[Dataset records]
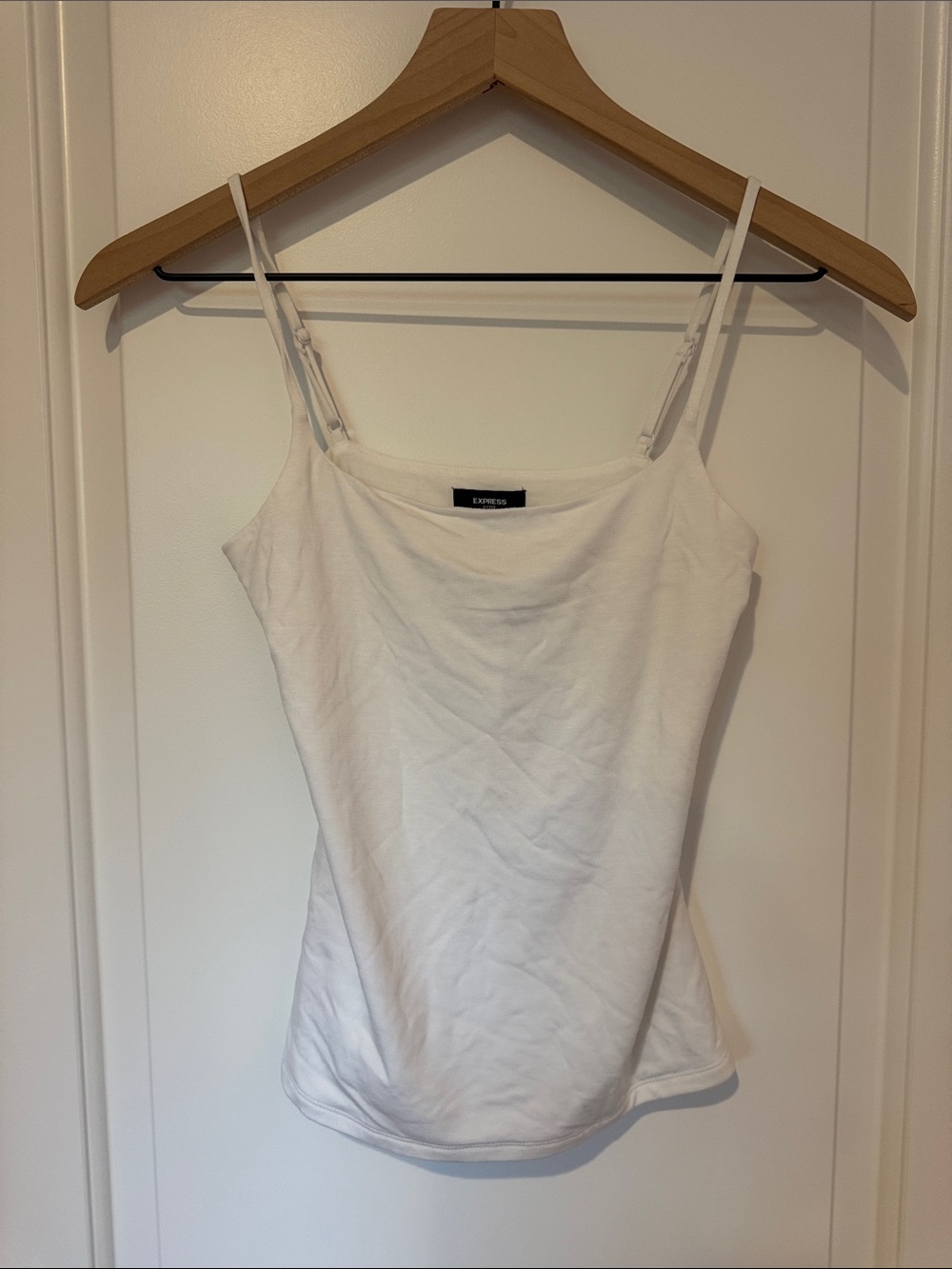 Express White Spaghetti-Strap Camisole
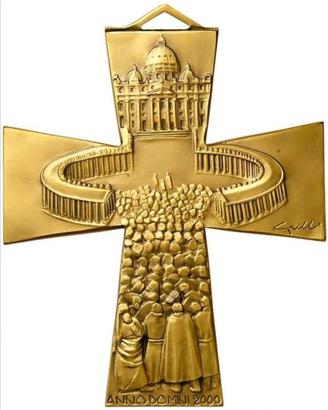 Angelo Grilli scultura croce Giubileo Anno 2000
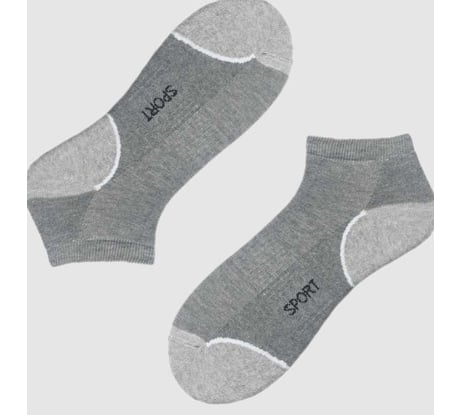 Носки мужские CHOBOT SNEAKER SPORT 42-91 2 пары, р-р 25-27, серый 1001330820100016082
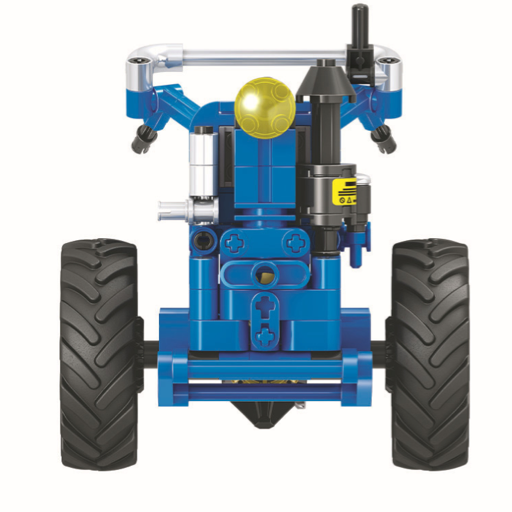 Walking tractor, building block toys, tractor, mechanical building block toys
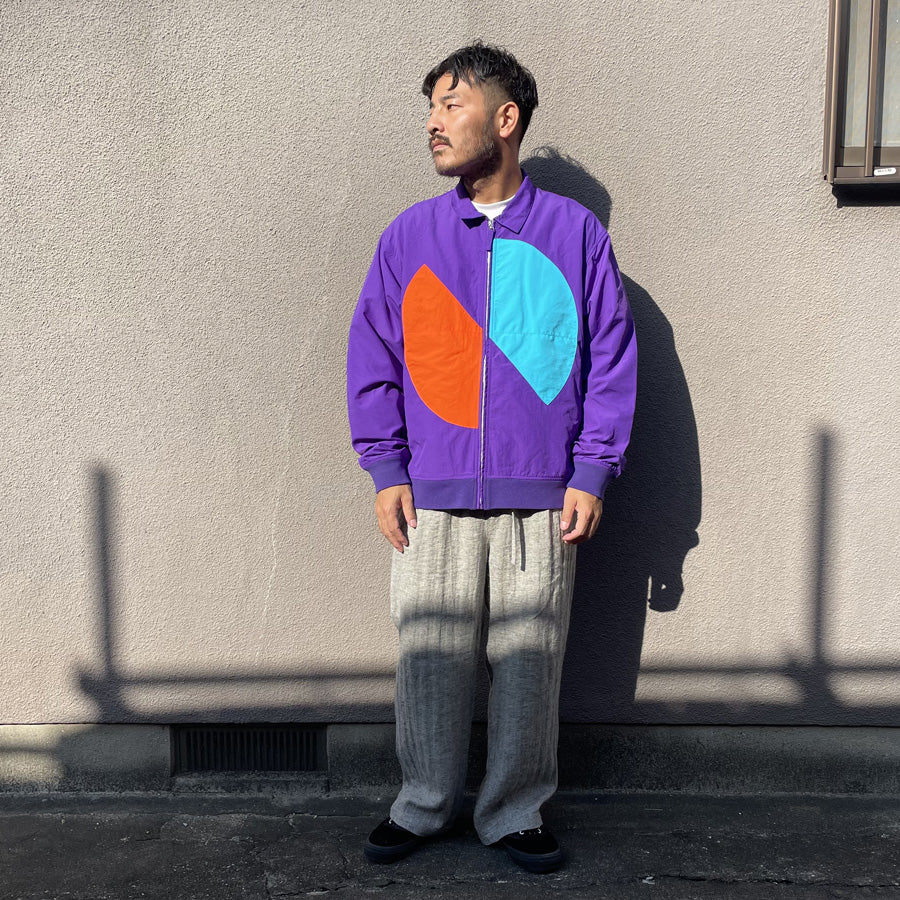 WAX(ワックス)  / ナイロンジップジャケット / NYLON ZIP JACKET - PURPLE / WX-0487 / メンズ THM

INSTRUCTIONS FOR THE TASK:
Above are the entries; write them out again exactly, omitting the pictures.

YOUR SOLUTION:
 Express White Spaghetti-Strap Camisole
 Angelo Grilli scultura croce Giubileo Anno 2000
 Носки мужские CHOBOT SNEAKER SPORT 42-91 2 пары, р-р 25-27, серый 1001330820100016082
 Walking tractor, building block toys, tractor, mechanical building block toys
 WAX(ワックス)  / ナイロンジップジャケット / NYLON ZIP JACKET - PURPLE / WX-0487 / メンズ THM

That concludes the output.